Ad oggi l'unico modo per scoprire se un feto è portatore di eventuali difetti genetici è quello di prelevare il suo DNA: questo si può fare con prelievi del liquido amniotico (amniocentesi) o dei villi coriali, che sono una porzione della placenta (villocentesi). Sono entrambe tecniche molto sicure e affidabili, ma sono comunque invasive e in qualche caso possono comportare dei rischi, che vanno ponderati bene. L'esperienza dell'operatore riduce questi rischi davvero al minimo, ma quando si verificano possono andare dalle infezioni all'aborto indotto. La nuova frontiera è invece la biopsia liquida, che consiste in un semplice esame del sangue per la madre: nel suo sangue, infatti, sono presenti anche piccole tracce del DNA del feto. Ma non è così semplice. Primo, perché non è facile distinguere con esattezza il DNA del feto da quello della mamma prelevato con l'esame del sangue: e se non lo si fa bene, potrebbero esserci errori nella diagnosi. Secondo, perché il DNA fetale nel sangue materno si trova 'spezzettato', al contrario di quello ricavato con l'amniocentesi o con la villocentesi, che è integro.

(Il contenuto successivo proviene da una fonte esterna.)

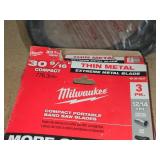 Lot of (4) Milwaukee® 30-9/16" 12/14 TPI Compact Portable Band Saw Blades | Thin Metal Extreme Metal Blade 3-pack (in original packaging)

La scoperta del Policlinico, semplificando, consiste in una tecnologia capace scovare nel sangue materno delle cellule del feto integre, da cui prelevare il DNA ancora intatto del bambino. In questo modo si può unire la sicurezza del test con l'affidabilità del risultato, senza mettere in pericolo la salute della madre o quella del feto.

 

Un gel di piastrine contro i danni alla pelle, da malattie comuni e rare

Il sangue contenuto nel cordone ombelicale è una preziosa miniera di cellule staminali e di altre componenti con un grande potenziale di cura. La donazione del cordone ombelicale è fondamentale per curare diverse gravi malattie (ad esempio certi tumori del sangue); ci sono però situazioni in cui la donazione rischia di non essere utile, perché magari il contenuto di staminali è troppo basso (e questo avviene quando queste cellule sono meno di 1,5 miliardi). Si può evitare che questa donazione venga sprecata? La risposta è sì, e lo hanno fatto proprio alcuni ricercatori del Policlinico.
Utilizzando il sangue cordonale 'scartato' sono riusciti a ricavare uno speciale gel che contiene fattori di crescita e svariate sostanze benefiche; applicando questo gel a delle ferite, si è visto che queste venivano riparate meglio e molto più in fretta. Per questo il gel piastrinico è ora impiegato per curare le piaghe causate dal piede diabetico (una grave complicanza a cui vanno incontro i pazienti con diabete), le piaghe da decubito e persino per trattare le lesioni causate dall'epidermolisi bollosa, una malattia rara che rende estremamente fragile la pelle e le mucose, provocando nei pazienti bolle, vesciche e lesioni che causano grande dolore e infezioni.

 

Entrambe queste scoperte sono state brevettate dai ricercatori del Policlinico, grazie anche alla presenza in Ospedale di un apposito Ufficio per il Trasferimento Tecnologico. Ad oggi in Policlinico si contano 45 invenzioni protette, 151 domande di brevetto depositate, il lancio di 2 spin-off innovative e ben 87 inventori tra medici e ricercatori, la maggior parte delle quali è donna. Tutte queste invenzioni hanno come obiettivo primario quello di migliorare concretamente la qualità di vita e di cura dei pazienti, e si dedicano alla prevenzione, alla diagnostica e alla cura di patologie umane. Che poi, sono gli stessi obiettivi della scienza e della cura.